**** Data excerpts ****
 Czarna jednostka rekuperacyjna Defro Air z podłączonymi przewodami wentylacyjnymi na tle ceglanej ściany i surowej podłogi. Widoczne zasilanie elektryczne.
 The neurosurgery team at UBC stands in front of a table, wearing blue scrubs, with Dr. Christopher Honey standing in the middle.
****
**** Data excerpts ****
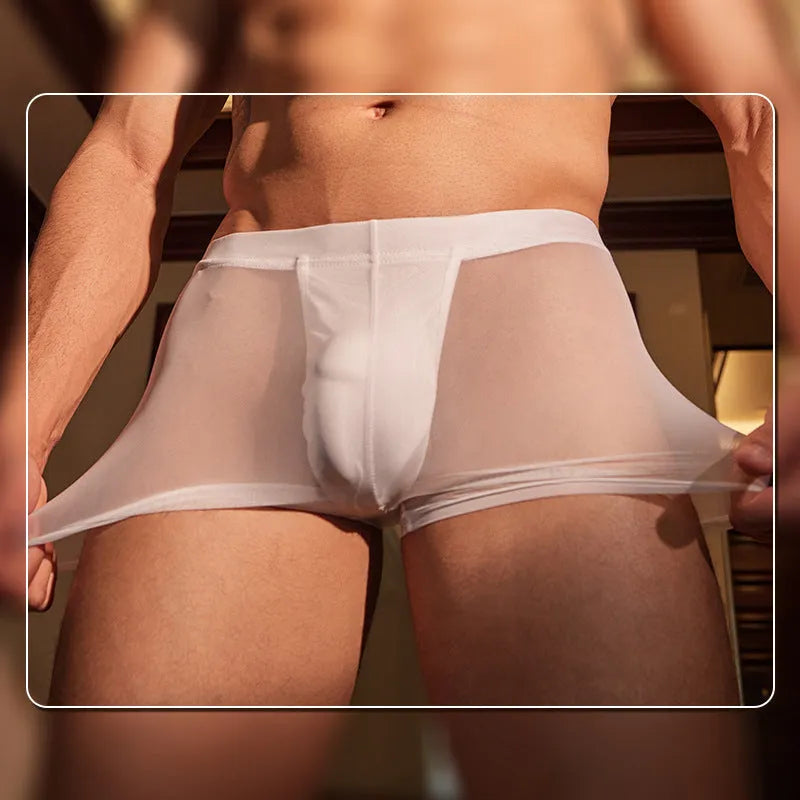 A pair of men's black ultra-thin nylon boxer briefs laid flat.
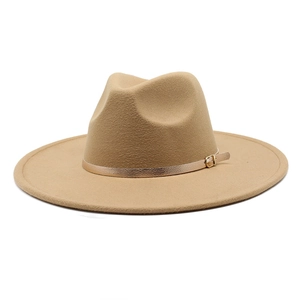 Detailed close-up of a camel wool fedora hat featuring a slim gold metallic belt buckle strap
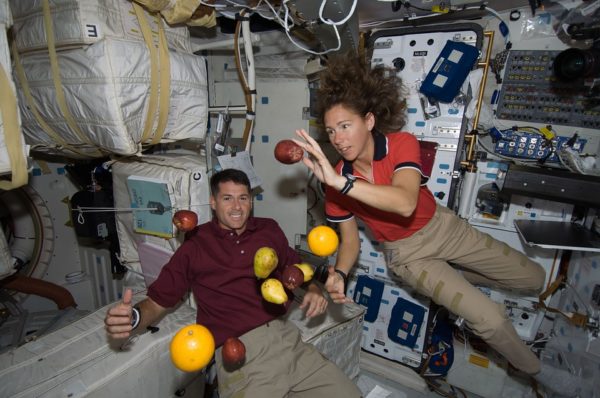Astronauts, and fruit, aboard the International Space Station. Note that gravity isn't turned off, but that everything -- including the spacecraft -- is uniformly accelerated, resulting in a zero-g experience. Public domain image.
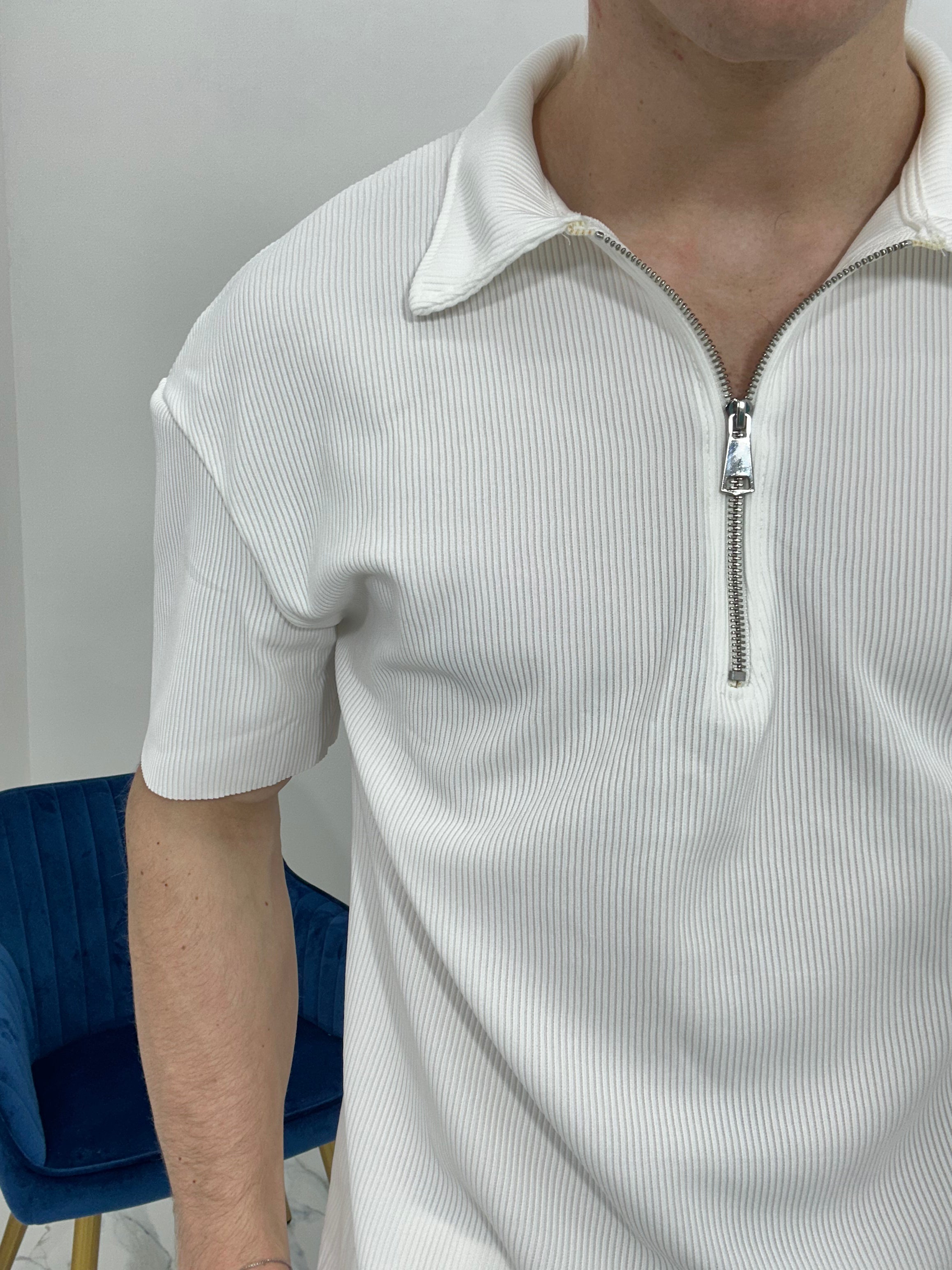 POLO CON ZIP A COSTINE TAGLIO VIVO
****
**** Data excerpts ****
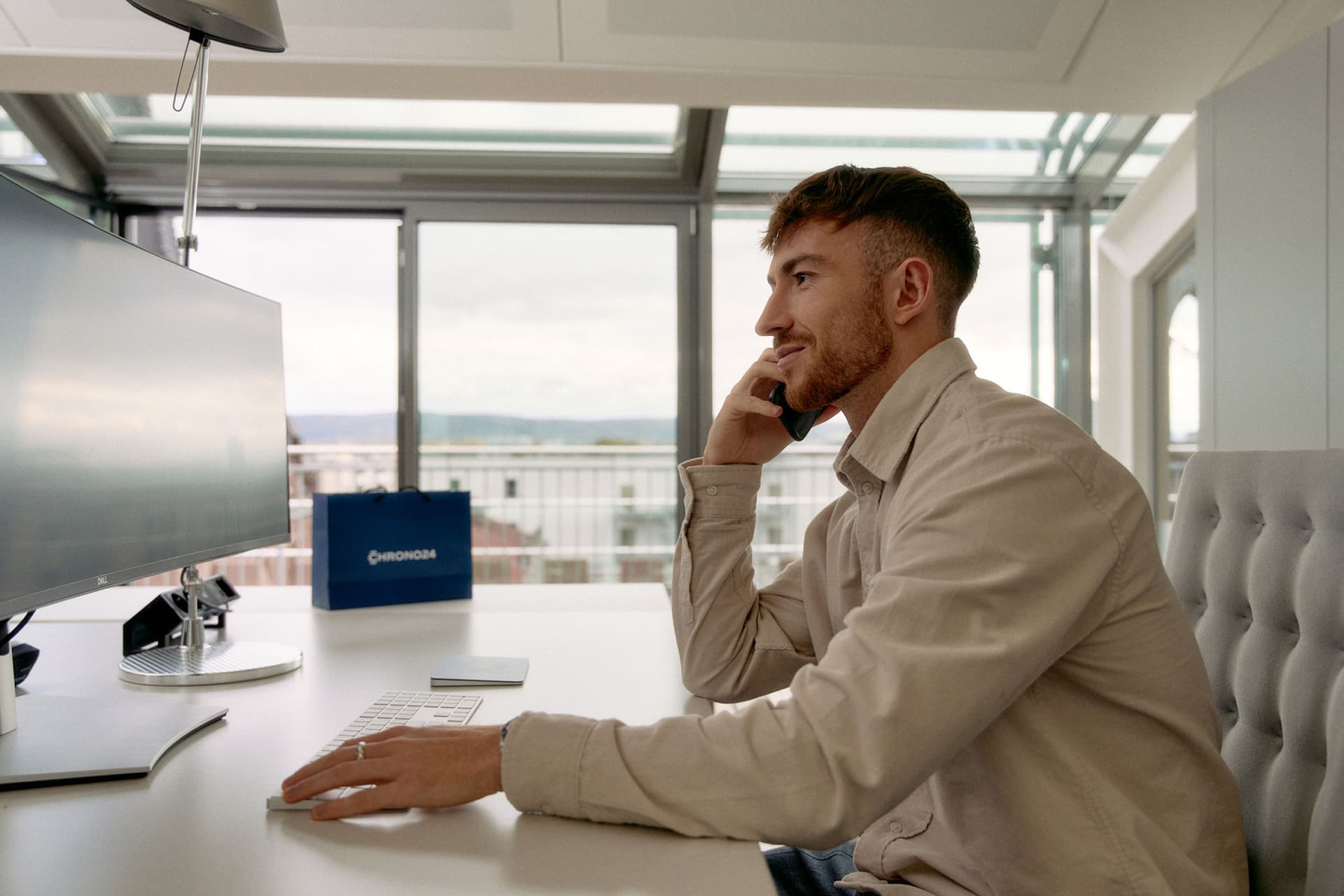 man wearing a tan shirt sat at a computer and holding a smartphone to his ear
****
About this exercise:
In the material above, find the line containing "Czarna jednostka rekuperacyjna" and the line containing "The neurosurgery team", then write out exactly those two lines and every line between them, and nothing more.

Solution below:
 Czarna jednostka rekuperacyjna Defro Air z podłączonymi przewodami wentylacyjnymi na tle ceglanej ściany i surowej podłogi. Widoczne zasilanie elektryczne.
 The neurosurgery team at UBC stands in front of a table, wearing blue scrubs, with Dr. Christopher Honey standing in the middle.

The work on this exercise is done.